At its Microsoft Connect(); 2018 virtual event today, Microsoft announced the initial public preview of Visual Studio 2019 — you can download it now for Windows and Mac. Separately, .NET Core 2.2 has hit general availability, and .NET Core 3.0 Preview 1 is also available today.
Microsoft launched Visual Studio 2017 in March 2017 and Visual Studio 2017 for Mac in May 2017 and then released seven subsequent updates to further improve their performance. That was the “most popular Visual Studio release ever,” but in June the company announced Visual Studio 2019 for Windows and Mac.
As before, Visual Studio 2019 previews will install side by side with Visual Studio 2017, which is great for trying out new functionality without messing with your production workflow. Visual Studio 2019 also won’t require a major operating system upgrade, Microsoft promised. Visual Studio 2017 worked on Windows Server 2012 R2 (and later), Windows 7 (and later), and Mac OS X El Capitan 10.11 (and later).
Visual Studio 2019 brings numerous productivity improvements, enhanced collaboration, and faster tooling, Microsoft promised today. The initial public preview includes a new start window experience to get developers into their code faster, increased coding space, a new search experience, more refactoring capabilities, smarter debugging, AI-powered assistance with IntelliCode, and built-in access to Visual Studio Live Share.
The new start window on launch is designed to work better with today’s Git repositories, including local repos, Git repos on GitHub, and Azure Repos. Git aside, you can still open a project or a solution or create a new one of either.
Visual Studio’s UI and UX have also received subtle changes, such as a new product icon, a cleaner blue theme, and a more compact title and menu bar. There’s also a new search experience that replaces the Quick Launch box. It lets you find settings and commands and install options, and it even supports fuzzy string searching.
Visual Studio 2019 improves the code maintainability and consistency experiences with new refactoring capabilities — such as changing for-loops to LINQ queries and converting tuples to named-structs. There’s also a new document health indicator and code clean-up functionality.
As for debugging, stepping performance is improved and search capabilities have been added to the Autos, Locals, and Watch windows.
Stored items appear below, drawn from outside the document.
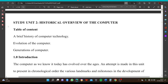Welcome to another Exam Made Easy tutorial with the enthusiastic tutor. This tutorial is a continuation of our previous tutorial on the course GSP 103, Computer Fundamentals. The study unit for today is historical overview of the computer. Our table of content is: brief history of computer technology, evolution of the computer, and generations of computer.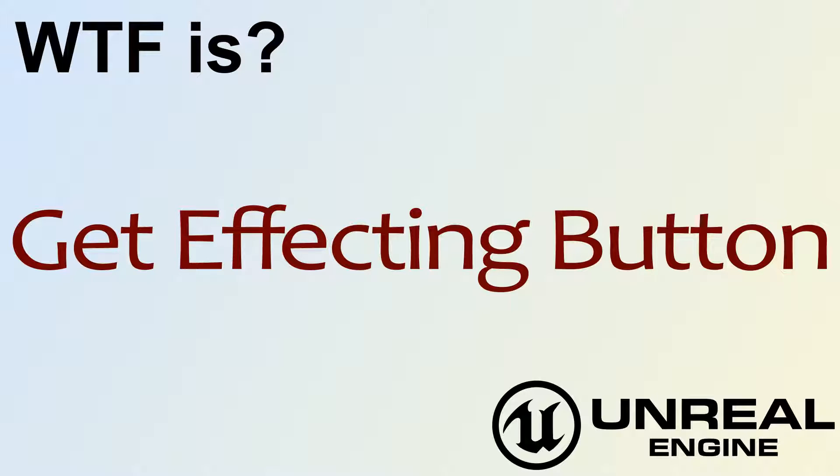Hello! Welcome to the video for What is Get Effecting Button?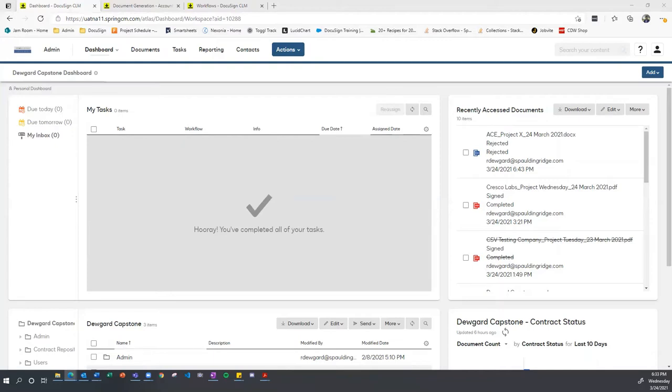In addition, XYZ Corp will need to report on the various attribute fields assigned to each contract, how long the contract review workflow takes on average, and the contracts currently under review as well as their stage in the review process.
You can also expect improvements to the Snapshot Debugger to target Azure Kubernetes Service (AKS) and Virtual Machine Scale Sets (VMSS), and better performance when debugging large C++ projects, thanks to an out-of-process 64-bit debugger.
IntelliCode and Live Share
At its Build 2018 developers conference in May, Microsoft previewed IntelliCode and Live Share. The former uses AI to offer intelligent suggestions that improve code quality and productivity, and the latter lets developers collaborate in real time with team members who can edit and debug directly from Visual Studio and Visual Studio Code.
The public preview of Visual Studio Live Share, which is available as an extension for Visual Studio Code, is getting new features to help developers collaborate in real time, including sharing desktop apps, source control diffs, and code commenting. It’s also easier to start a session and view who you’re working with in a dedicated space at the top right of the user interface. Since Live Share is installed alongside the IDE by default, the features are available in Visual Studio 2019.
Speaking of which, Microsoft did not provide a timeframe for Visual Studio 2019’s release. As its name implies, we can expect it to arrive next year, possibly at Build 2019.
.NET Core 2.2 and .NET Core 3.0 Preview 1
Microsoft today released .NET Core 2.2 with diagnostic improvements to the runtime, support for ARM32 for Windows, and Azure Active Directory for SQL Client. Other improvements include enabling tiered compilation by default, as well as new features in the ASP.NET Core web stack, such as hosting model improvements for IIS; Web API improvements, including API security; template updates for Bootstrap 4 and Angular 6; and HealthCheck upgrades. .NET Core 2.2 also offers data stack enhancements, Entity Framework Core, and support for spatial extensions in SQL Server and SQLite. For more details, check out the release notes.
Announced at Microsoft’s Build 2018 developer conference in May, .NET Core 3.0 is the next generation of the .NET Core platform. It promises significant updates to web, cloud, IoT, AI/ML, and Windows desktop workloads.
Microsoft today launched .NET Core 3 Preview 1 for Windows, Mac, and Linux. You can develop .NET Core 3 applications with Visual Studio 2017 15.9, Visual Studio for Mac, and Visual Studio Code.
.NET Core 3.0 adds support for Windows Presentation Foundation (WPF) and Windows Forms (which today were open-sourced), bringing Windows desktop development to .NET Core. It enables more flexible deployment with side-by-side and self-contained EXE and better performance. For more details, check out the release notes.